Di Edoardo Spuntarelli. Oggi, sedici aprile, Donald Trump avrebbe alzato al 245% i dazi cinesi, portando addirittura Xi Jinping, che non esce
dalla Cina da molto, ad andare a parlare con tutti gli altri paesi in cui i dazi del presidente americano hanno colpito maggiormente.
Qualcuno direbbe che questo è un sintomo di paura e di arrendevolezza, a me sembra invece un intento di formare un’alleanza per fare “guerra”. Una guerra che affonda le radici persino in America. Parte della nazione, infatti, aveva già cercato di distanziarsi dalle politiche di Trump; un esempio è quello della California, che aveva dichiarato di non approvare le idee del presidente di annettere il Canada. “Non lasciate che metta zizzania tra di noi”, “ci troviamo a oltre 3.200 km da Washington e a un mondo di distanza da quella mentalità”, aveva dichiarato il governatore Gavin Newsom, che ora attacca dicendo di voler fare causa all’America.
Secondo il governatore, i dazi imposti da Trump sono illegali e “stanno creando caos per le famiglie, le imprese e l’economia, aumentando i prezzi e minacciando posti di lavoro”.
Questa battaglia legale, economica ed etica di questo passo finirà per far cadere Trump, una battaglia che, partendo dall’interno, mina l’orgoglio del presidente che ora non può più difendersi facendo faccia tosta, prendendo in giro qualcuno o dicendo di baciargli il sedere.

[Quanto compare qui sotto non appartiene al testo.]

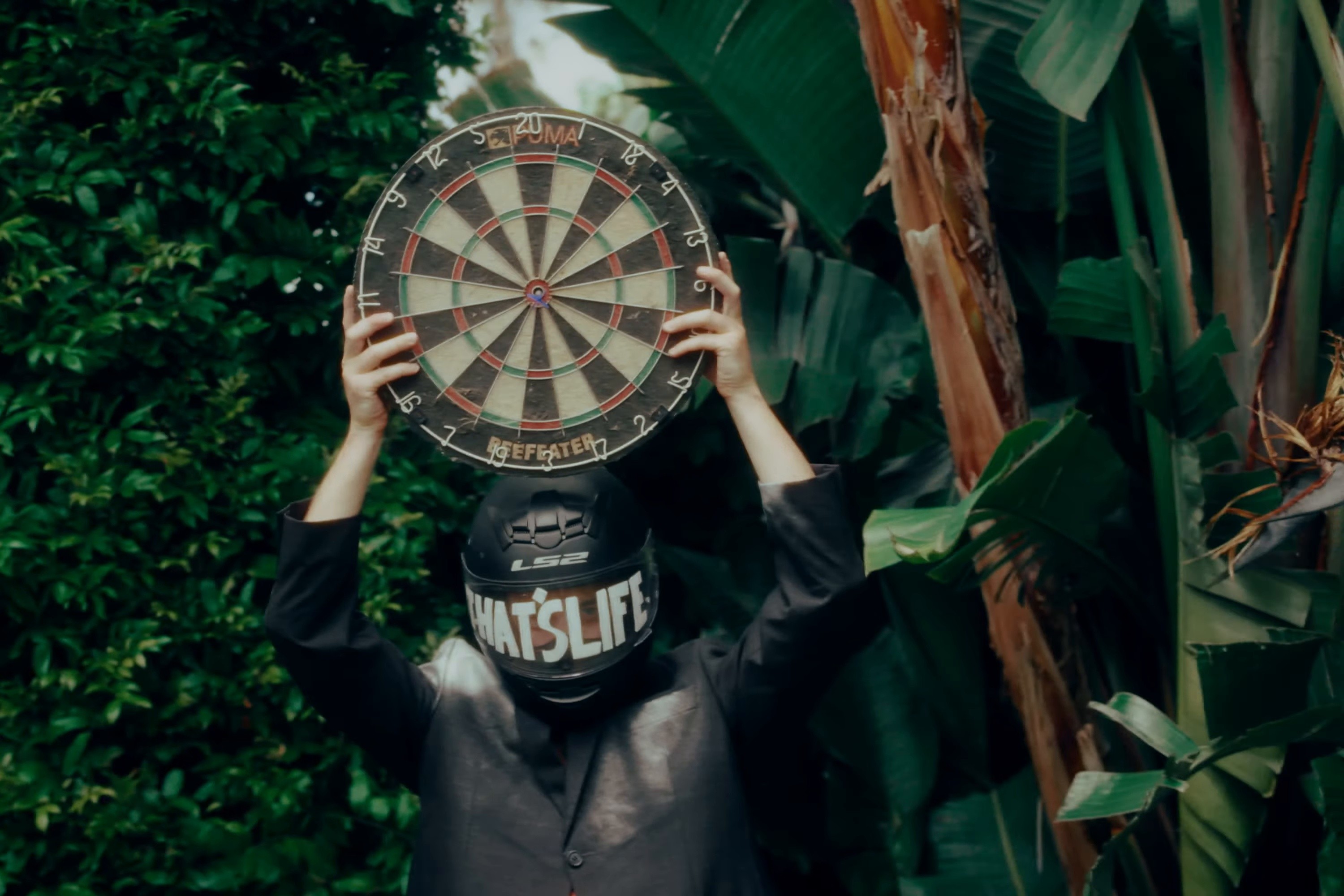 That's Life, Baby! (2025) —  shot,  lighting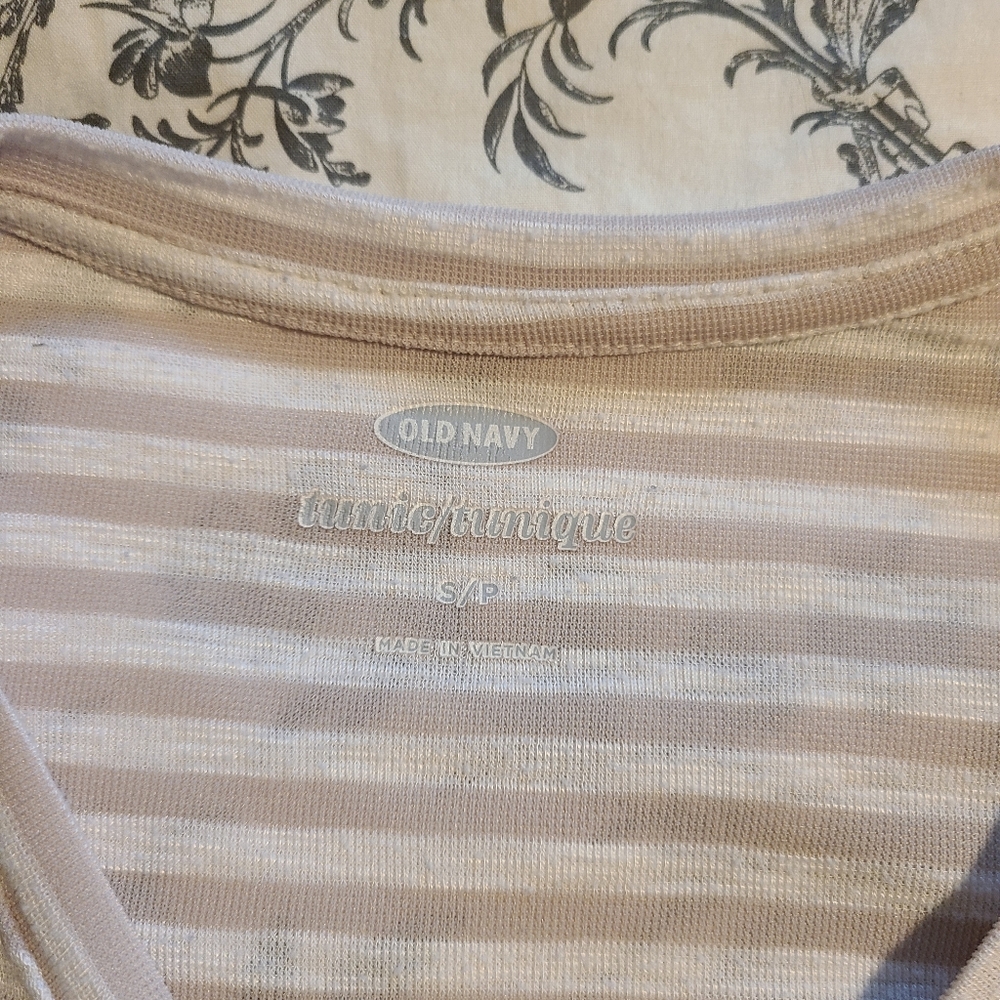 Tunic - Picture 4 of 4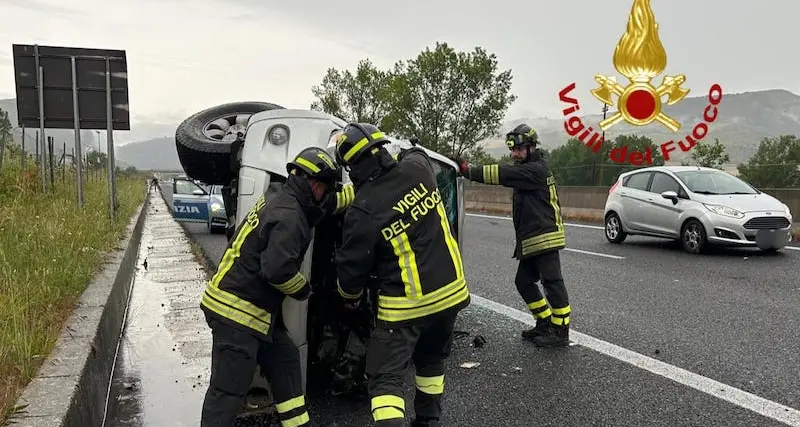 Auto si ribalta sulla 131 all’altezza del bivio per Muros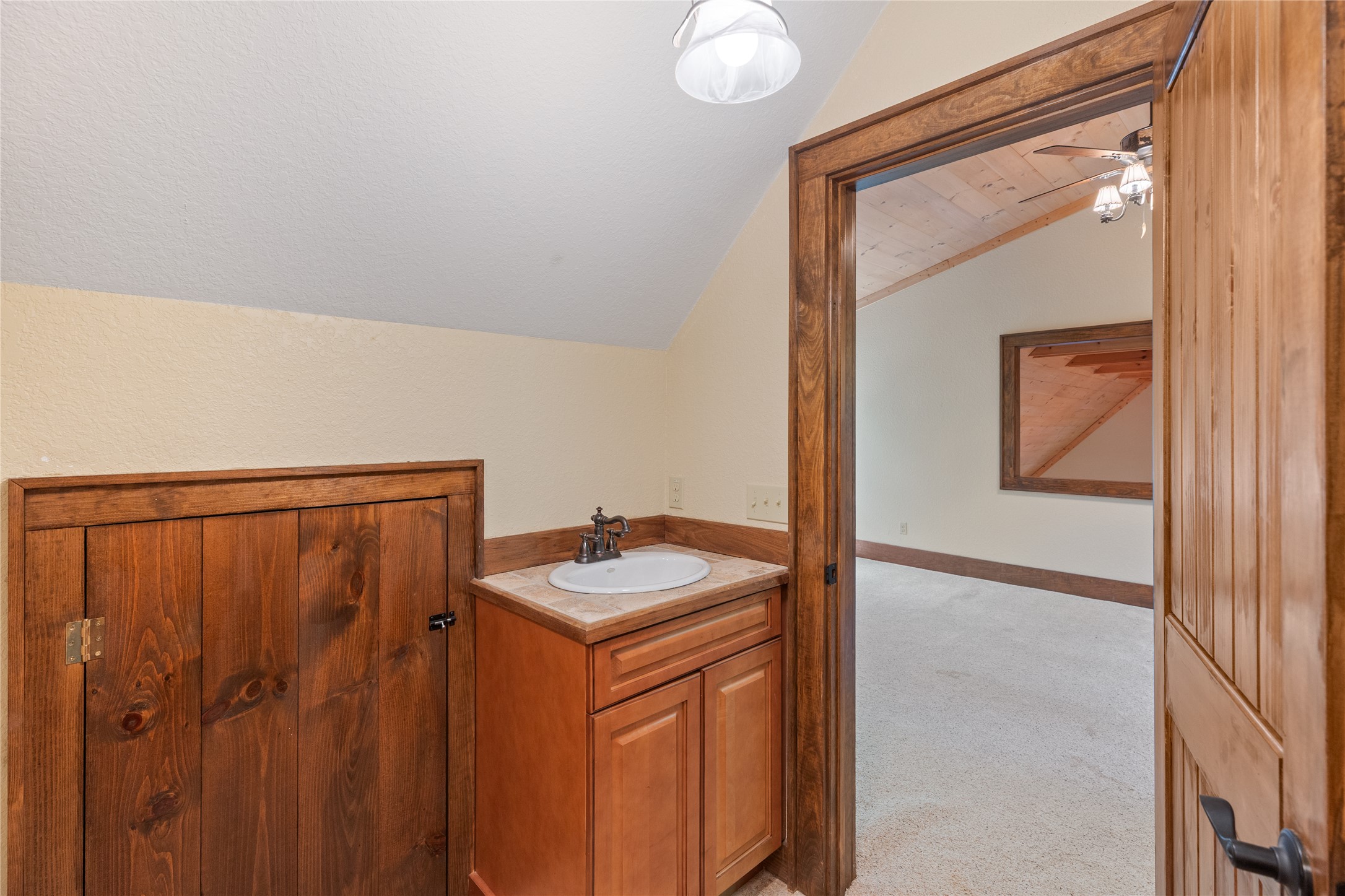 214 Sunset Court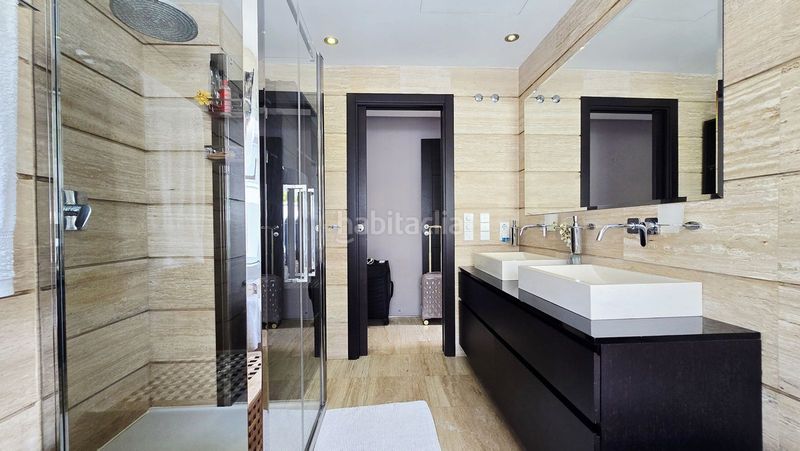 Foto ef77b38e-3f3b-4db0-aa8d-6f2bc1f0b15d. Xalet amb aparcament piscina a Las Brisas Marbella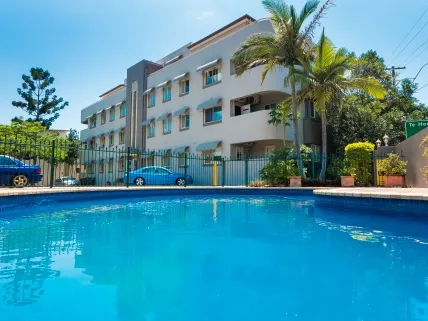 Comfortable Unit to let at Clayfield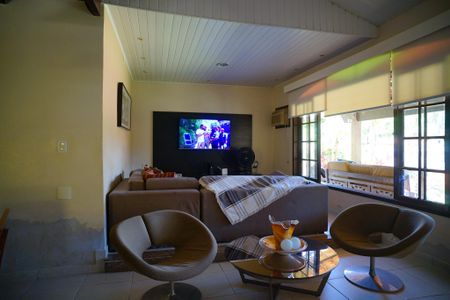 Casa à venda com 432m², 3 quartos e 2 vagasSala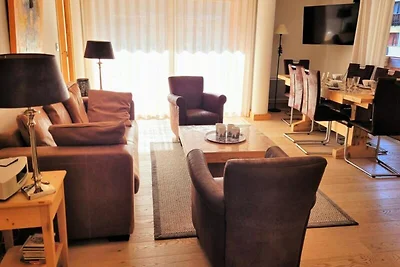 Sehr helle Wohnung, schöne Volumen, hoher...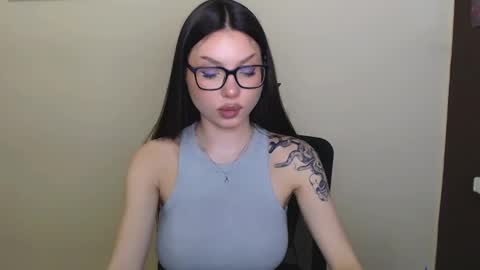 Snapshot of maxi_sweetheart chatting on 02.25.25 Joanna online show from 02.25.25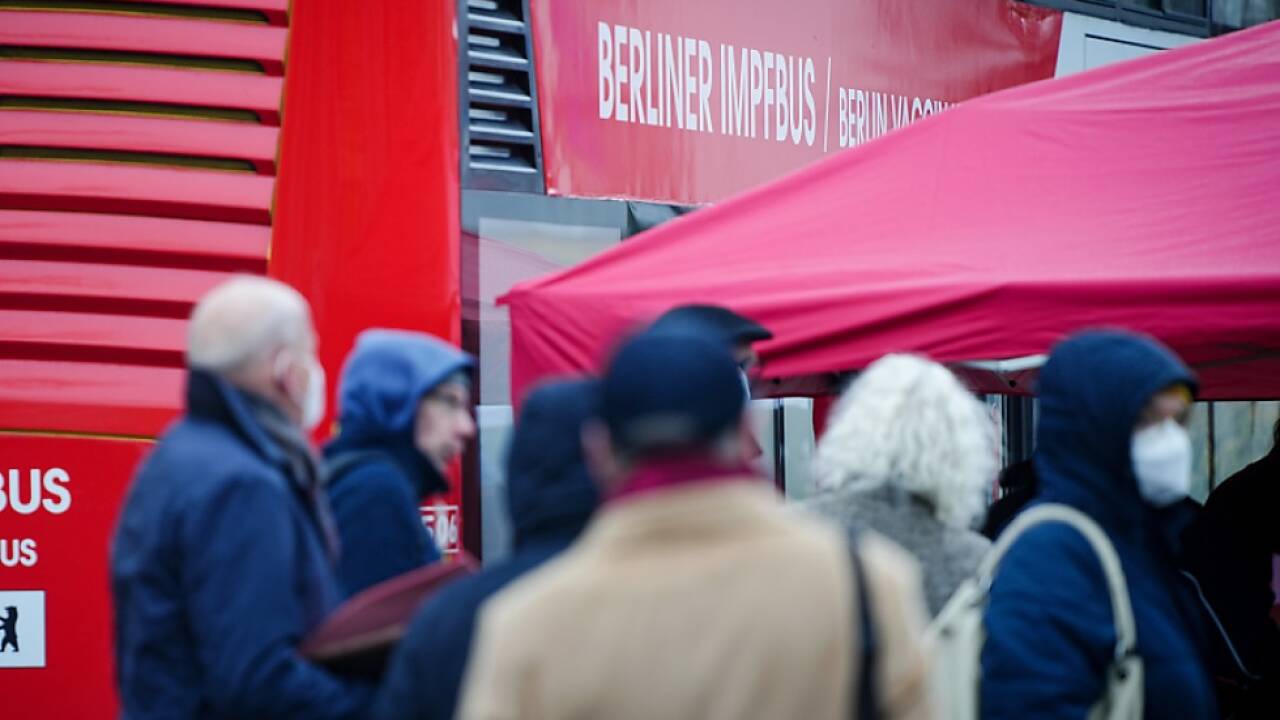 Warteschlange vor dem Berliner Impfbus 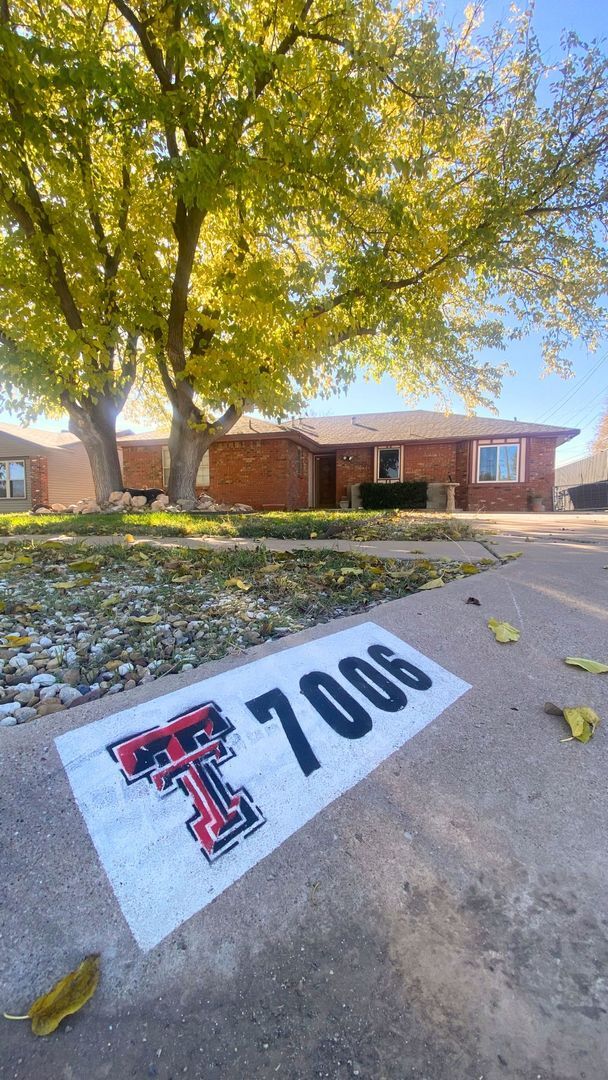 7006 Avenue S in Lubbock, TX - Building Photo - Building Photo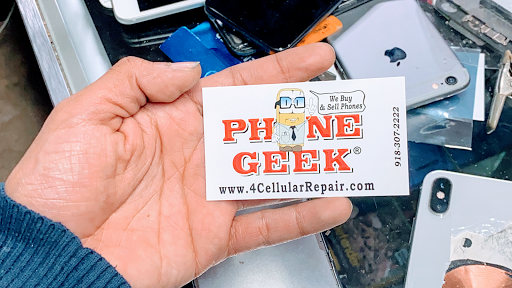 Cell Phone Store «Phone Geek Cellular Repair», reviews and photos, 6125 S Sheridan Rd, Tulsa, OK 74133, USA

Il resto del mondo sta iniziando a fare sul serio e a metterlo alle strette; il suo modo di fare e la sua prepotenza, che lo hanno fatto eleggere, non possono funzionare ancora per molto. Ma dubito che ora il presidente si tiri indietro dopo essere arrivato a questo punto: sarebbe già una sconfitta, non resta che vedere come si risolva la questione. Intanto, la presidente Giorgia Meloni, grazie ai suoi rapporti con gli Stati Uniti, sembra avere assunto il ruolo di tramite tra l’Europa e l’America, anche se l’idea che l’Italia si schieri anche in minima parte con Trump mi preoccupa.